En cause ? Un flacon de parfum, son emballage et sa publicité qui, selon la Cour, évoquaient trop fortement le parfum « MISS DIOR »…

La Société FERRAGAMO se voyait ainsi sanctionnée pour s’être placée dans le sillage de la Société DIOR en « profitant indûment des investissements consentis ou de sa notoriété ».

Pour justifier sa décision, la Cour de Cassation relève les nombreuses similitudes entre les deux produits en cause, et notamment la présence « d’un nœud stylisé » au niveau du bouchon – caractéristique n’ayant jamais été utilisée auparavant par la Société FERRAGAMO.

Et la Cour de conclure que ces similitudes entrainent, « par la reprise d’éléments caractéristiques fortement évocateurs du parfum « MISS DIOR », une ressemblance d’ensemble avec celui-ci et qu’il a créé la confusion dans l’esprit de la clientèle précisément visée ».

Comment concilier cet arrêt avec les solutions retenues dans des affaires tout aussi significatives ?

On se souviendra en effet de la retentissante affaire « LOUBOUTIN C/ ZARA », dans laquelle la Cour d’Appel de Paris avait rejeté la demande formée au titre de la concurrence déloyale et parasitaire, estimant notamment que « la seule circonstance, établie dans les motifs qui précèdent, que le public averti et la presse spécialisée puissent associer la marque « Christian Louboutin » avec une semelle de couleur rouge ne justifie pas l’appropriation perpétuelle, par la société Christian Louboutin, du concept consistant à munir systématiquement les chaussures pour femmes de semelles de couleur rouge ; qu’il est en effet de principe que les idées sont de libre parcours » (Cour d’Appel de Paris, 22 juin 2011 ).
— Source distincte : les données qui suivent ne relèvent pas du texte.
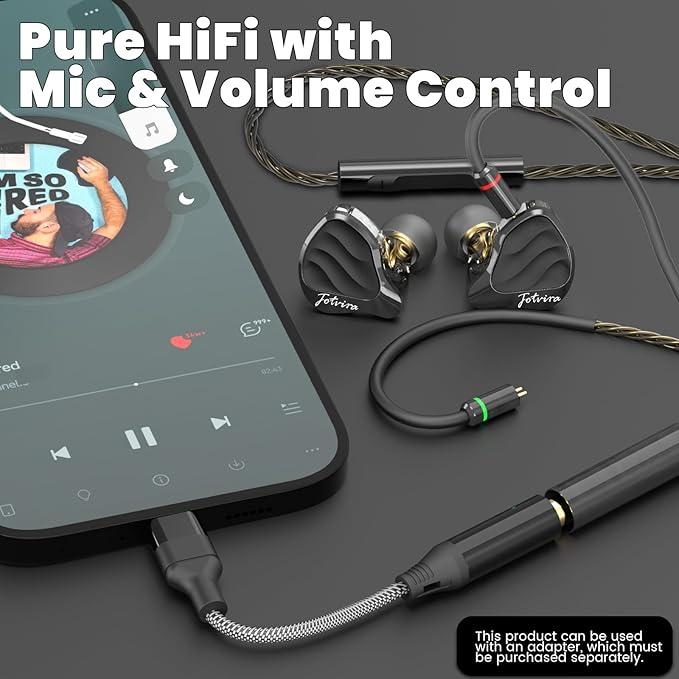 Hybrid in Ear Monitors Headphones with Mic, IEM Earphones 10mm Dual Dynamic Drivers, HiFi Wired Earbuds, Zinc Alloy Faceplate in Ear Monitor with Silver-Plated Detachable Cable for Musician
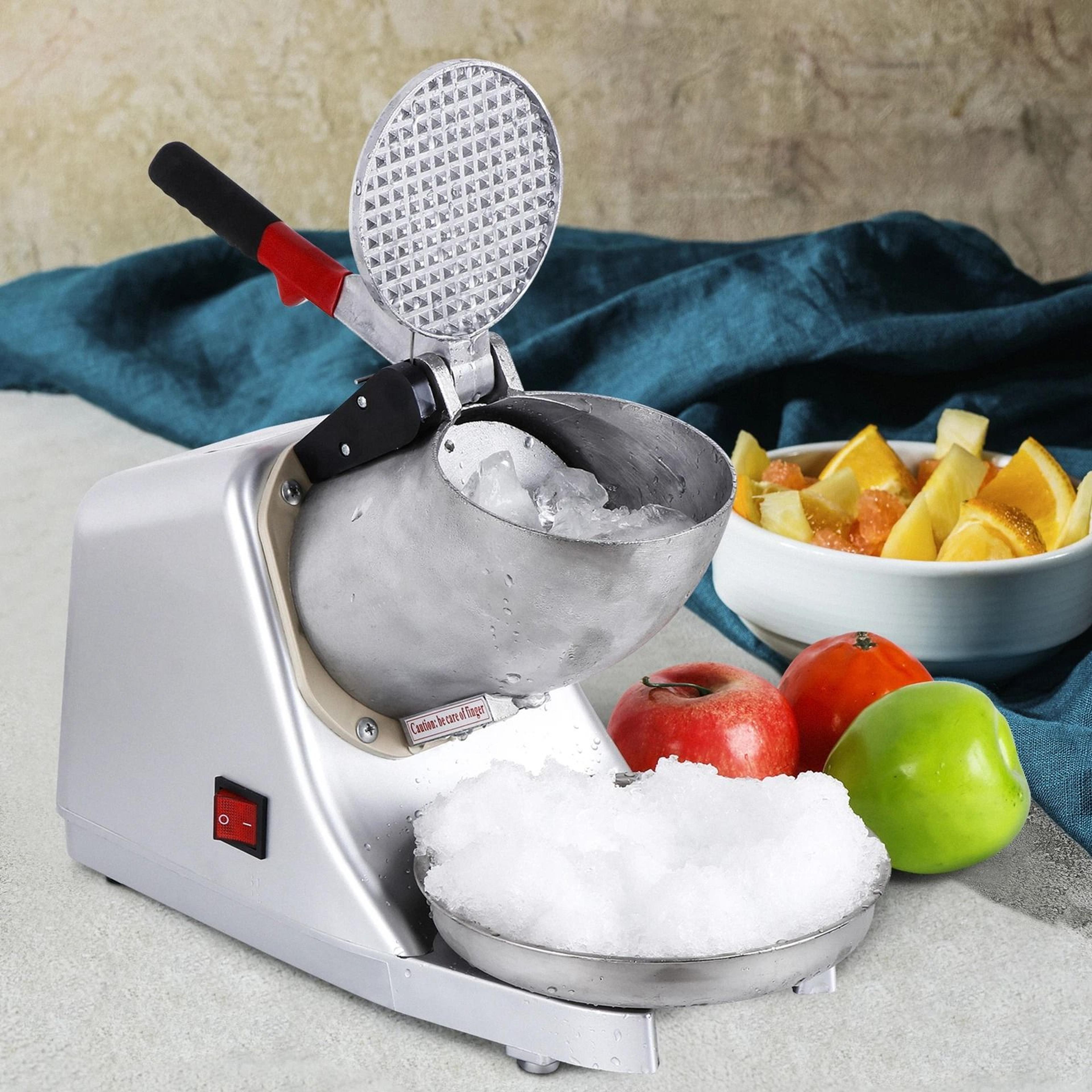 electric snow cone maker ice shaver machine high-speed ice crusher in silver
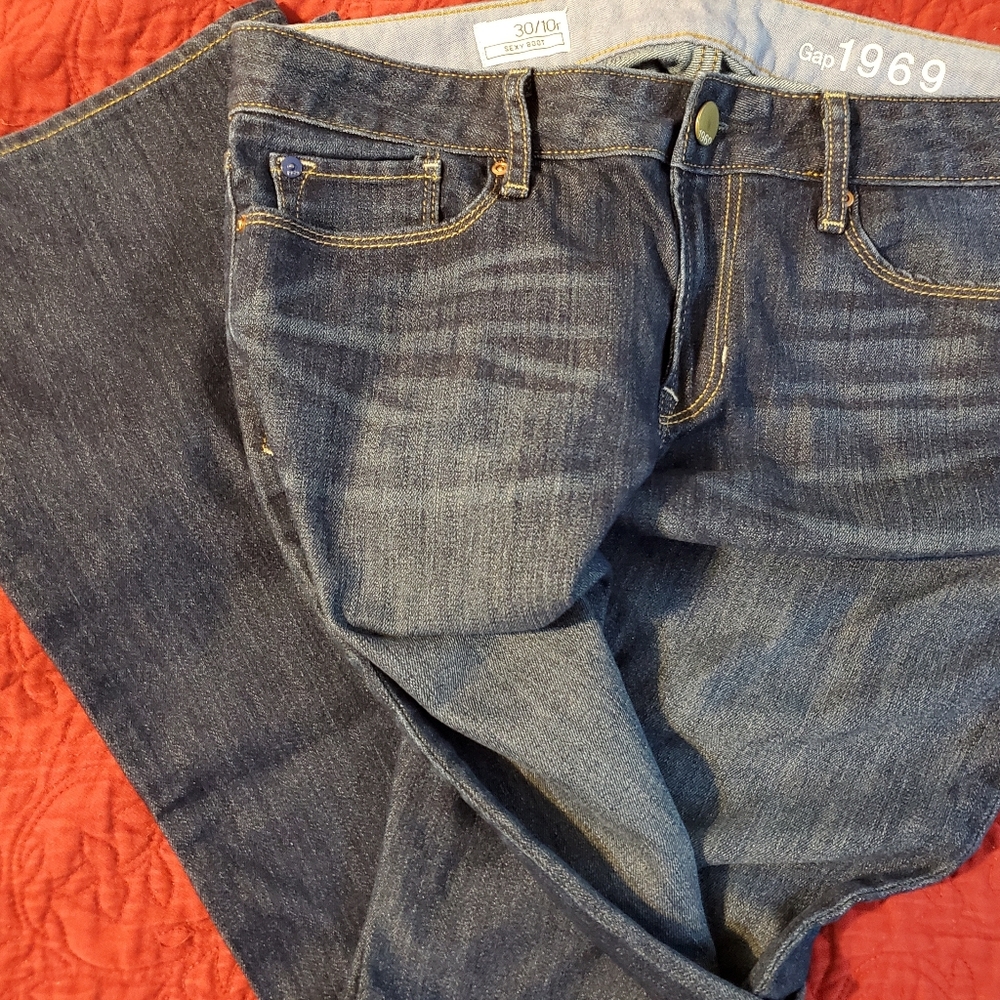 GAP Women's Dark Blue Sexy Boot Jeans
Il est également possible de rappeler l’affaire « CELINE C/ ZARA », dans laquelle la Cour d’Appel de Paris avait, une fois encore, rejeté la demande formée par la Société CELINE au titre de la concurrence déloyale et parasitaire, au motif que l’imitation des collections de la Société CELINE par la Société ZARA n’était pas suffisamment évocatrice… (Cour d’Appel de Paris, 27 février 2013 ).

Dès lors, face à une jurisprudence fluctuante et extrêmement contextuelle, il est difficile de savoir, précisément, à partir de quand l’imitation d’éléments caractéristiques d’une maison de couture est suffisamment évocatrice pour pouvoir être appréhendée comme étant fautive.

Cela est d’autant plus malaisé que le monde de la mode est, par essence, fait d’inspiration mutuelle et réciproque.

En pratique, il conviendra de se livrer à une étude d’un faisceau d’éléments, ces derniers devant aboutir à la création d’un véritable risque de confusion dans l’esprit de la clientèle ; la seule reprise d’éléments caractéristiques ne devraient donc pas suffire à caractériser le parasitisme – il faudra s’attacher en plus à toutes les circonstances qui entourent la commercialisation du produit litigieux.

Dès lors, seule l’analyse d’éléments purement factuels permettra de trancher la délicate question de la délimitation entre inspiration flatteuse et imitation fautive.

1 Cour de Cassation, Chambre commerciale, 4 février 2014, pourvoi n° 13-11.044.
2 Cour d’Appel de Paris, 22 juin 2011, n° 09-00405, confirmé par la Cour de Cassation, 30 mai 2012, pourvoi n° 11-20.724.
3 Cour d’Appel de Paris, Pôle 5 – Chambre 1, 27 février 2013, n° 12/04542.